Si nous voulons obtenir une inflation persistante, cela change la donne. Habituellement, la Fed dispose d’une gamme complète d’outils qu’elle peut appliquer : assouplissement quantitatif, achats d’autres actifs comme les obligations d’entreprise ou tout ce qu’elle doit faire pour faire avancer l’économie. Mais si nous avons une inflation persistante et que les taux commencent à monter, le marché demandera : « Fed, faites quelque chose ! ». Et cela signifie qu’ils n’ont plus à leur disposition les outils pour stimuler l’économie. C’est pourquoi la Fed pourrait se retrouver dans une situation très difficile au second semestre de l’année prochaine avec une inflation persistante et des taux d’intérêt en hausse.

Pourquoi une telle évolution serait-elle problématique pour la Fed ?

Supposons que Jay Powell soit toujours à la barre d’ici là. Que va-t-il faire pour arrêter l’inflation persistante ? La réponse évidente est d’augmenter les taux. Mais le marché boursier n’aimera peut-être pas , alors peut-être qu’il hésitera à augmenter les taux. Mais alors, c’est le marché obligataire qui n’appréciera pas parce lui, il veut que la Fed s’attaque à l’inflation. C’est le problème fondamental de l’inflation persistante.

Le pire des scénarios serait donc probablement la stagflation : une combinaison d’une économie stagnante et d’une inflation élevée.

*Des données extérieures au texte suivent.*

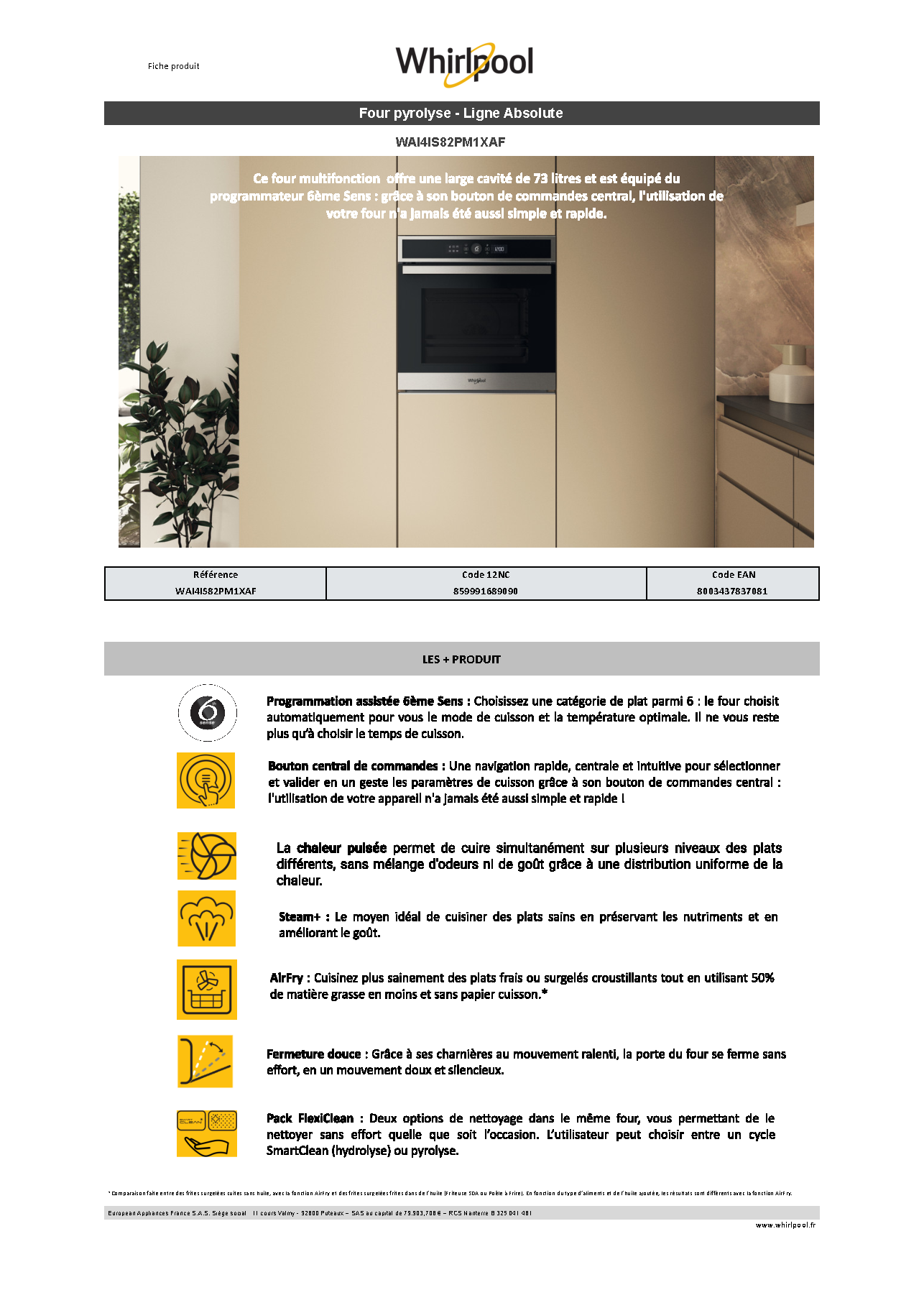 Fiche technique fournisseur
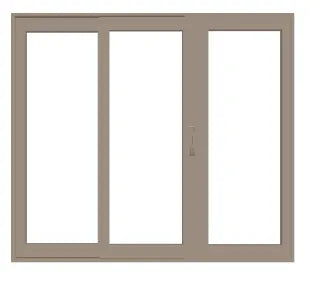 PELLA Lifestyle Series Contemporary 3 Panel OXO 126" X 79.5" Advanced Low-E Insulating Tempered Argon Fill Glass Assembled Sliding/Gliding Patio Door Grilles/Screen Options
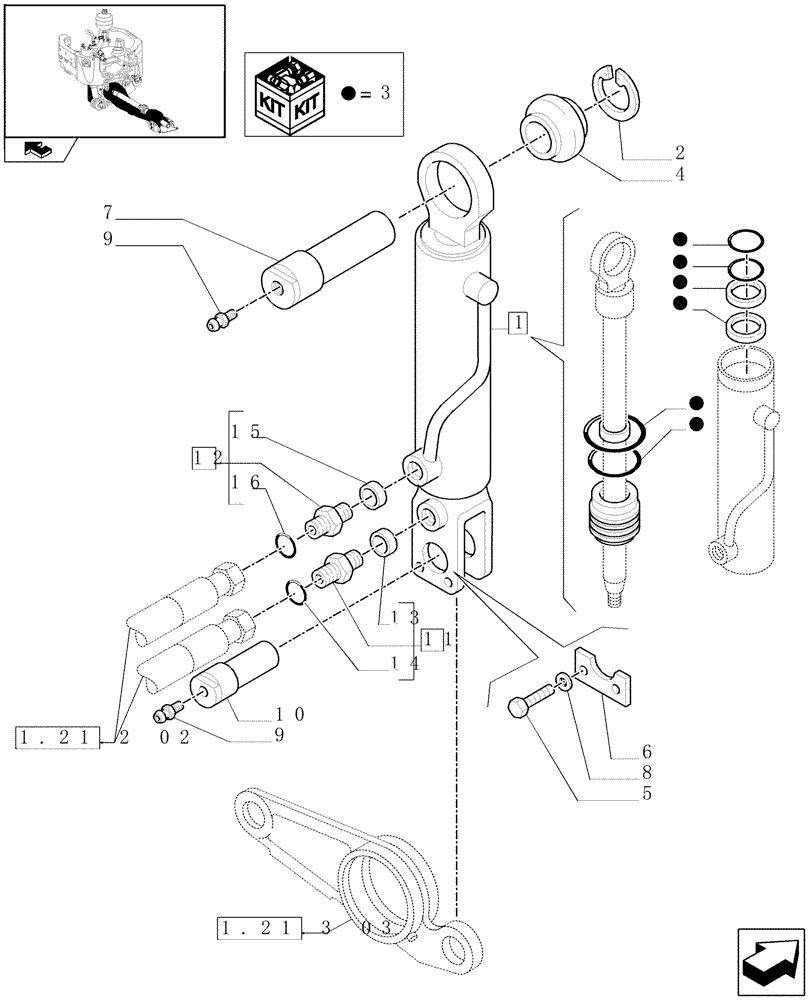 Схема запчастей Case IH MAXXUM 110 - (1.21.3[02]) - (CL.3) SUSPENDED FRONT AXLE - CYLINDER AND RELEVANT PARTS (VAR.330414-330427) (03) - TRANSMISSION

La stagflation est devenue un mot effrayant à Wall Street, alors laissez-moi vous donner une définition sans émotion : pouvons-nous avoir une inflation supérieure à la moyenne et une croissance inférieure à la moyenne simultanément ? Oui, je pense que cela pourrait arriver. Le terme stagflation a tendance à faire croire à une inflation galopante et à une récession. Je ne suis pas sûr d’aller jusqu’à ces extrêmes à ce stade, mais je peux imaginer une inflation élevée et aussi un ralentissement de la croissance.

Les données indiquent déjà un ralentissement de l’économie. GDPNow, l’indicateur en temps réel de la Fed d’Atlanta, affiche une croissance économique de seulement 0,5% pour le troisième trimestre.

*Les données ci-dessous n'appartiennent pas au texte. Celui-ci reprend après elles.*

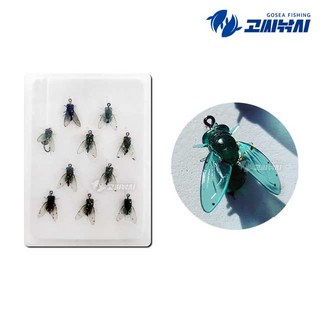 고씨낚시 플라이 파리 루어 훅 세트 10개입 피래미 송어 산천어 플라이 낚시 채비, 1개, 0.1g, 라이트그린(L/10개입)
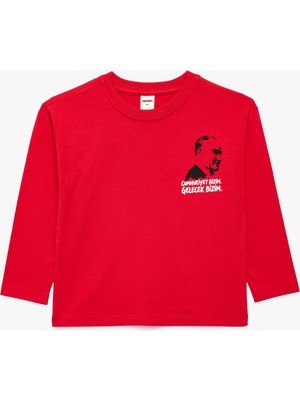 Koton Atatürk Baskılı Cumhuriyet Temalı Pamuklu Bisiklet Yaka Uzun Kollu Tişört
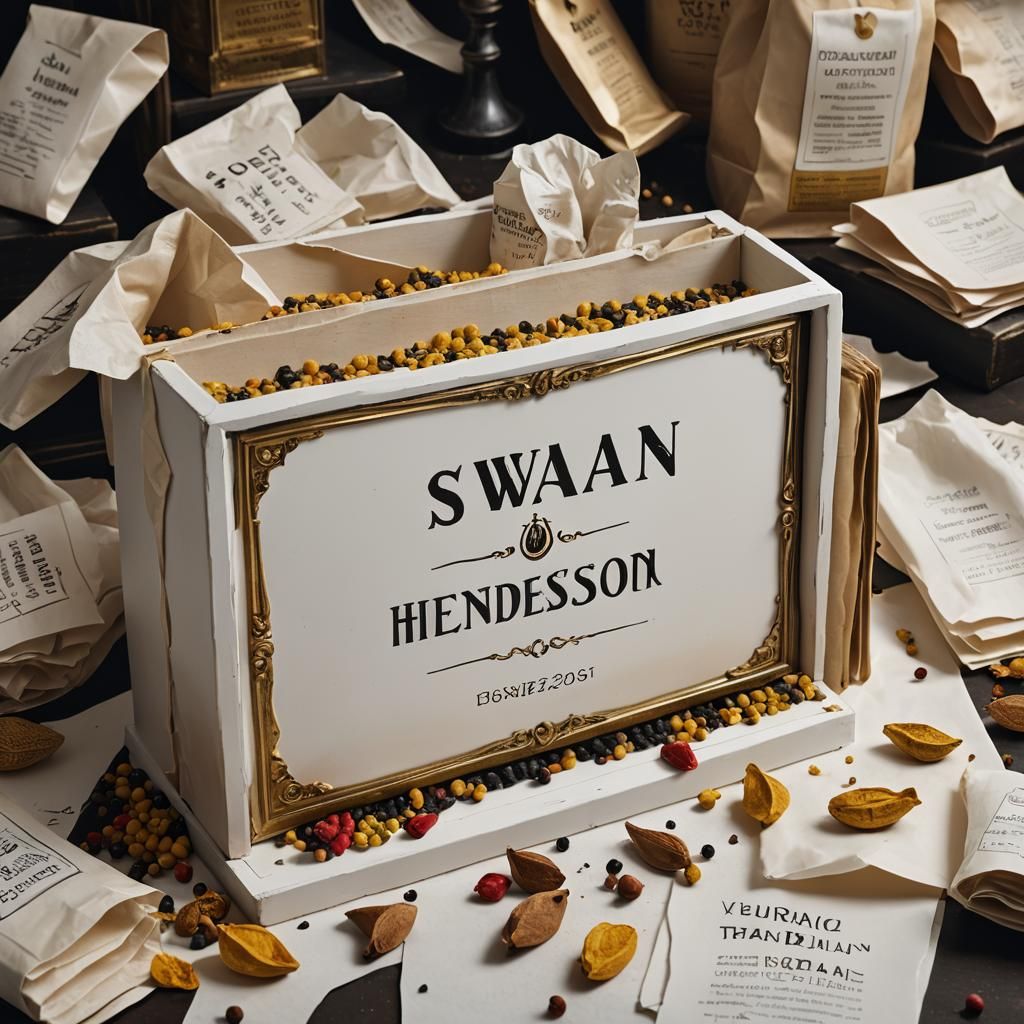 Saffron and Mustard Overflowing from a White Box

Il est difficile d’ignorer l’énorme réduction des estimations du PIB pour le troisième trimestre. Mais la pandémie a également changé les attitudes d’une manière que la plupart des gens ne comprennent pas, et que Wall Street ne comprend pas vraiment. Selon le dernier rapport JOLTS, 4,2 millions de personnes aux États-Unis, soit 2,9% de la population active, ont quitté leur emploi au mois d’août. Beaucoup d’entre eux ont démissionné parce qu’ils ont eu une meilleure opportunité : un salaire plus élevé, un meilleur profil de carrière ou quelque chose comme ça. Mais beaucoup de gens sont partis. Cela suggère que la main-d’œuvre est dans un meilleur rapport de forces et que les gens veulent des types d’emplois spécifiques. 

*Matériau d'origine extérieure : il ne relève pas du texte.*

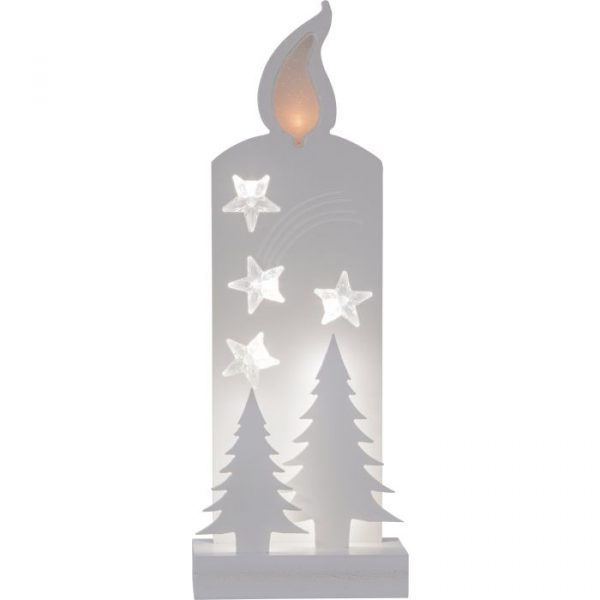 Vela de Navidad en Madera Blanca con Luz LED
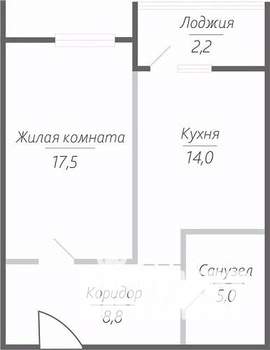 1-к квартира, строящийся дом, 48м2, 4/15 этаж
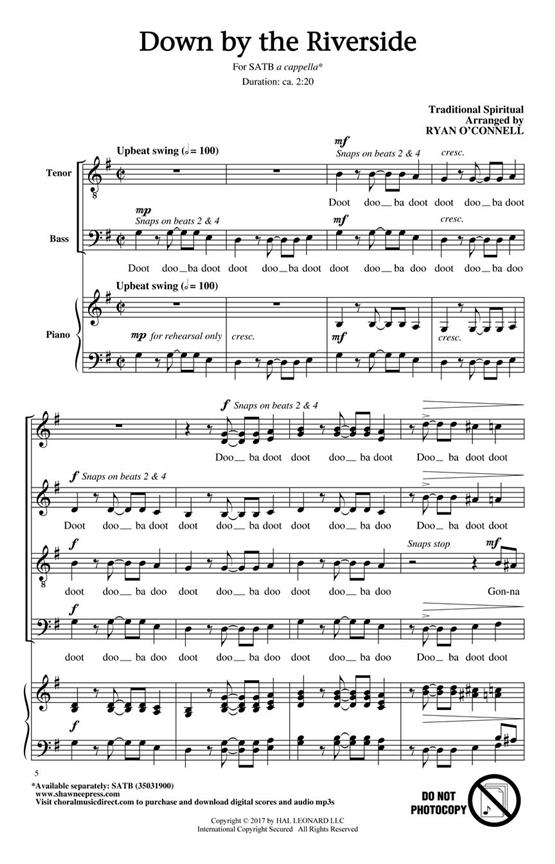 Down by the Riverside - pro sbor SATB a Cappella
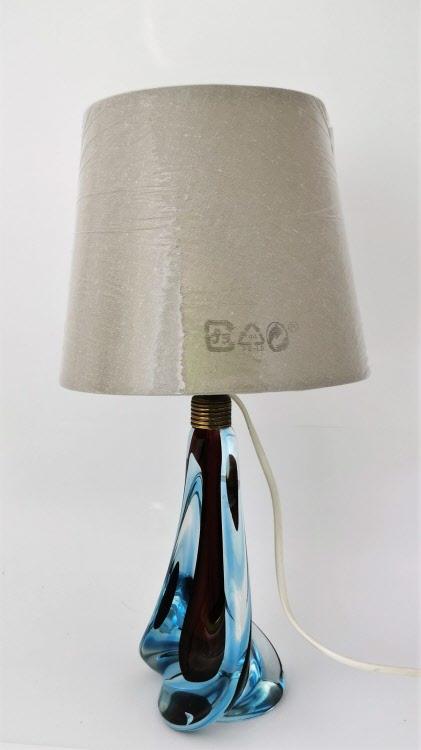 Blauer Vintage Design Murano Seguso Lampenfuss um 1950.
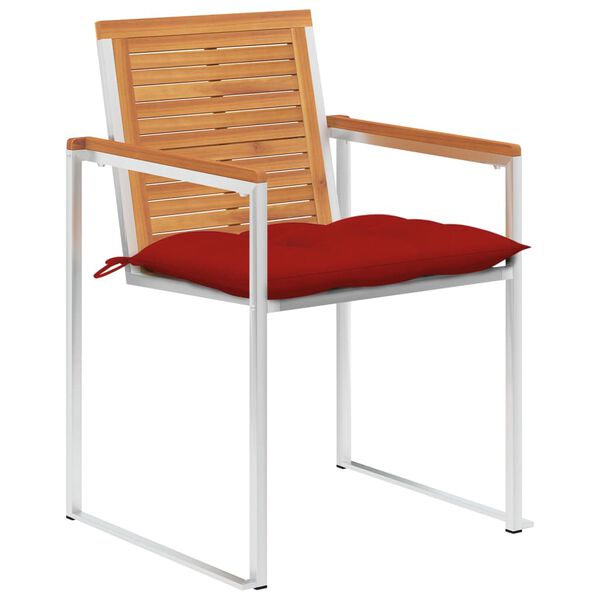 vidaXL Chaises de jardin lot de 8 avec coussins Bois d'acacia solide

Selon un récent sondage Harris, 76% de la main-d’œuvre américaine souhaite un travail hybride où ils peuvent travailler à domicile quelques jours par semaine, voire cinq jours par semaine. Mais Wall Street ne comprend pas cela parce que l’industrie qui fait le plus d’efforts pour ramener tout le monde au bureau cinq jours par semaine, ce sont les services bancaires et financiers. Donc, tous les analystes sont assis dans leur bureau et pensent que tout le monde va être comme eux. Mais ce n’est pas le cas. Des entreprises comme JPMorgan et Goldman Sachs sont les modèles aberrantes.

Et qu’est-ce que cela a à voir avec l’affaiblissement de l’économie?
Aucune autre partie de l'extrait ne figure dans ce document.